Ramsey’s Diner opened around the same time I started at the University of Kentucky, although I didn’t eat there until a fellow editor at the student daily The Kentucky Kernel took me there for lunch during my senior year. I’ve been devoted to Ramsey’s ever since. They’ve blossomed into a local Lexington chain while maintaining their quality. I’ve eaten at most of their locations across town, but for my now rare trips to Lexington I prefer the original.
Ramsey’s menu is anchored by a meat and three menu, and I’m a particular fan of their chicken fried steak. But the vegetables are the real stars here. Ramsey’s does an excellent job of sourcing locally grown fresh vegetables. When I was there it was their annual “Corn Daze” when corn is in season and featured in all its culinary forms.
Living in an agricultural region of the South, it’s frustrating that more restaurants won’t do this. The food is far fresher, the taste better, the local economy stronger. It shows respect for the customers they serve and the community they profit from. Ramsey’s has it right.
These days I get to Ramsey’s so seldomly, maybe twice a year, I can’t resist ordering my favorite thing on the menu: the Hot Brown. The Hot Brown is a Kentucky tradition, and hard to find outside the Commonwealth. It also happens to be the world’s most perfect food, a combination of bread, ham, turkey, mornay sauce, cheese and bacon.
Since corn and tomatoes were in season, I added on fried corn and fried green tomatoes.

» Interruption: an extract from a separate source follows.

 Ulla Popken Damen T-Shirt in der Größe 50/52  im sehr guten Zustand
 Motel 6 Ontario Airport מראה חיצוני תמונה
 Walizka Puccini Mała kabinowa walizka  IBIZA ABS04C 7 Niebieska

I didn’t regret the choices in the least. In fact, one can have an incredibly fine meal at Ramsey’s with their vegetable plate.
And did I mention that Ramsey’s has its own attached pie shop? Well, it does, and Missy’s Pies knows what they’re doing. Again, my order is preordained. I can’t not get the key lime pie. The new waitress brought it without the whipped cream, but I sent it back for the necessary garnish.
It’s hard for me to give Ramsey’s an entirely objective review as there is quite a bit of my old Kentucky home nostalgia tied up with it. But I don’t know anything on the menu that I would change. I never leave disappointed, and I imagine if you go you won’t, either.